Source data:
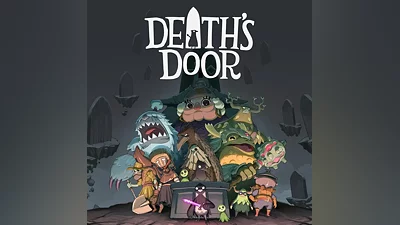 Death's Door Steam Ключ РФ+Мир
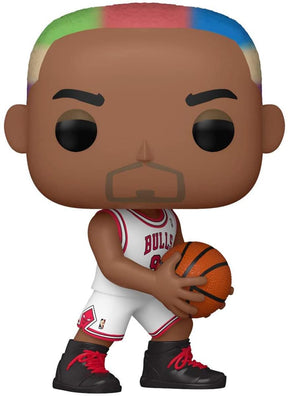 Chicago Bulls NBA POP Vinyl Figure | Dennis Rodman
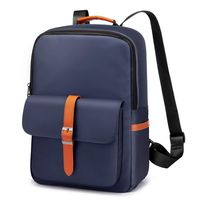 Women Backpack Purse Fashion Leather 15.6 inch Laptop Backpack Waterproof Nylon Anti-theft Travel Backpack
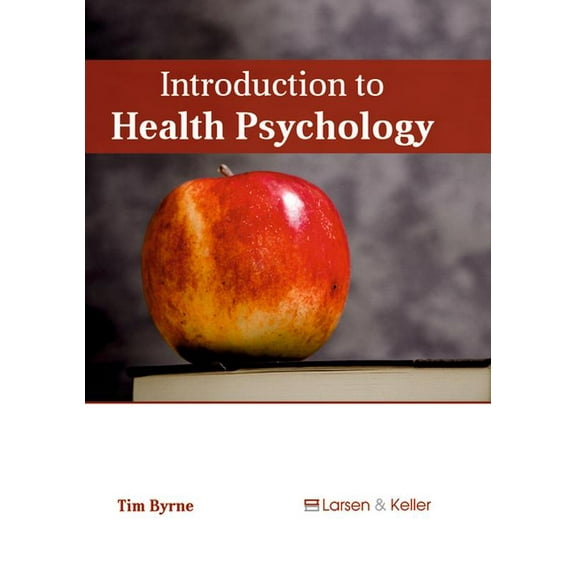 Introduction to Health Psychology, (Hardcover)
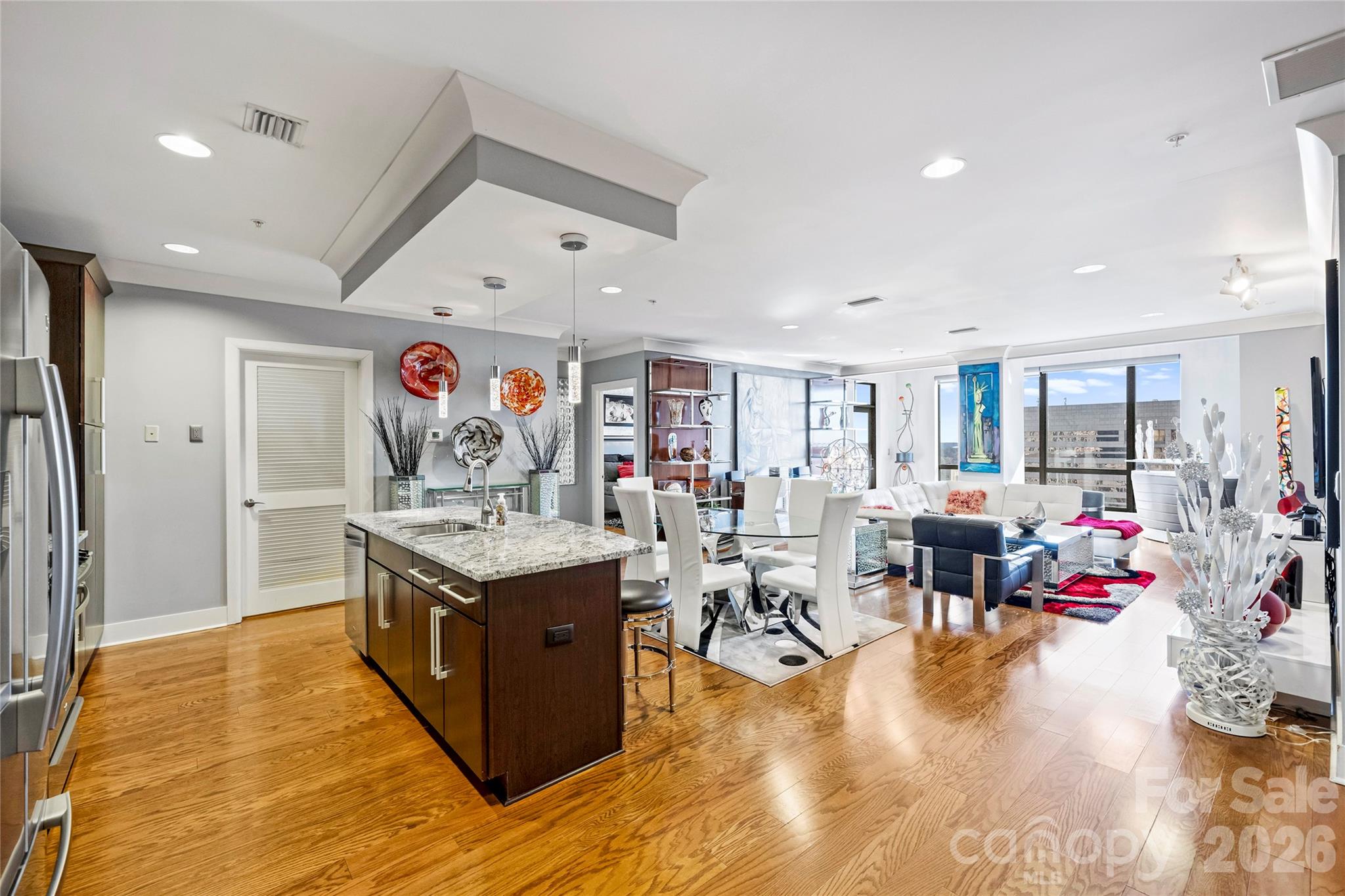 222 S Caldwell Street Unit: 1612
--
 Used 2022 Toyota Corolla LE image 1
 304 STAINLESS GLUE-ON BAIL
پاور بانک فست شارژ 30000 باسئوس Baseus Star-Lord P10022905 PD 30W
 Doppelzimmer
--
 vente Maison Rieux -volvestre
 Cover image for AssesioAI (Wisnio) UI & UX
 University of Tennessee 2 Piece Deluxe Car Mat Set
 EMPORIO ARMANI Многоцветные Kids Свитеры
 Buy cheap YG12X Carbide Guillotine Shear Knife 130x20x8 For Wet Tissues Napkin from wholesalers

What is being asked:
Beginning with the line above that contains "Introduction to Health" and finishing with the line that contains "222 S Caldwell Street Unit: 1612", print those lines exactly and only. Skip all pictures.

Solution for this problem:
 Introduction to Health Psychology, (Hardcover)
 222 S Caldwell Street Unit: 1612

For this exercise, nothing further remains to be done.